═════ Records for the task ═════

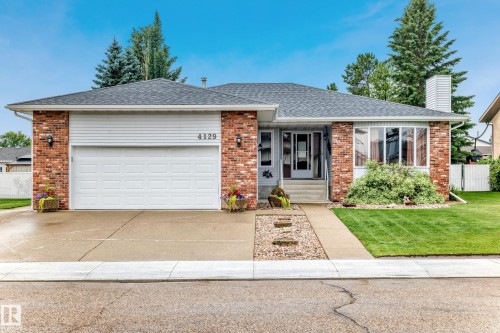 4129 43B Avenue, Leduc, AB - Outdoor With Facade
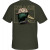 Men's Back Cap Mallard Short Sleeve Graphic Tee Shirt by Drake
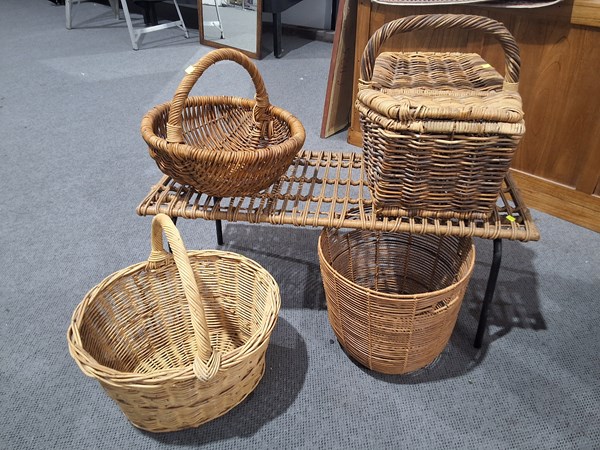 Lot 314 - CANE WARES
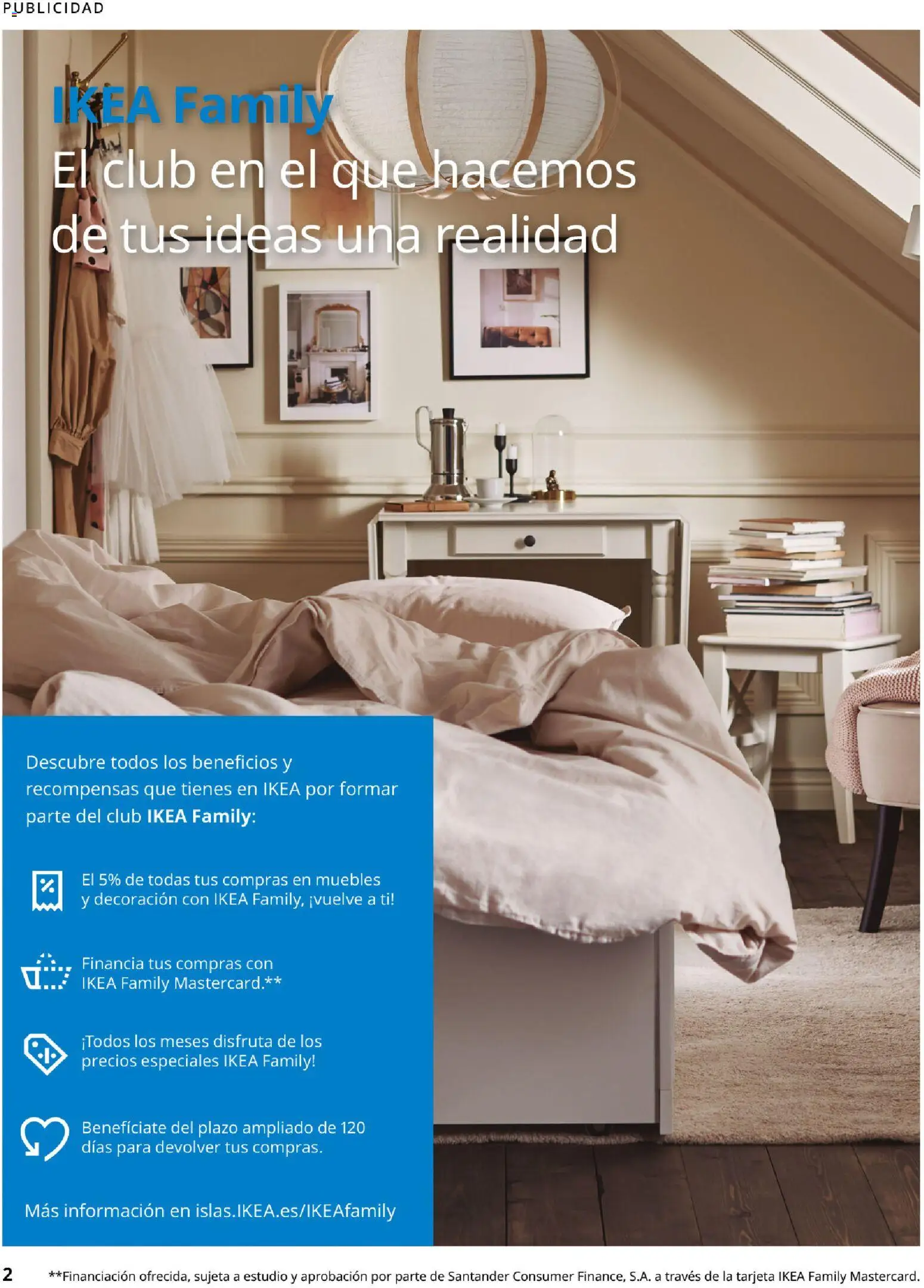 Catálogo IKEA Dormitorios │ válido desde el 01.02.2026 | Página: 2 | Productos: Muebles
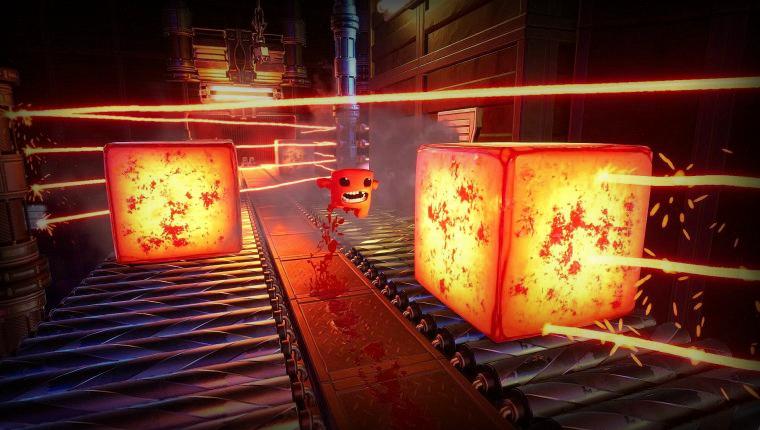 Super Meat Boy 3D Nintendo Switch 2 İçin Tanıtıldı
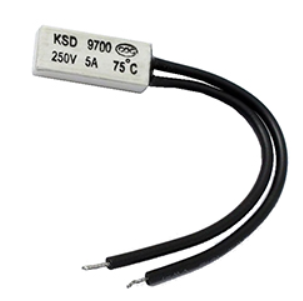 Термостат биметаллический KSD9700 5А/160 С нормально разомкнутый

═════

Could you transcribe all of the data exactly, keeping every picture out of the copy?

— Finished exercise —
 4129 43B Avenue, Leduc, AB - Outdoor With Facade
 Men's Back Cap Mallard Short Sleeve Graphic Tee Shirt by Drake
 Lot 314 - CANE WARES
 Catálogo IKEA Dormitorios │ válido desde el 01.02.2026 | Página: 2 | Productos: Muebles
 Super Meat Boy 3D Nintendo Switch 2 İçin Tanıtıldı
 Термостат биметаллический KSD9700 5А/160 С нормально разомкнутый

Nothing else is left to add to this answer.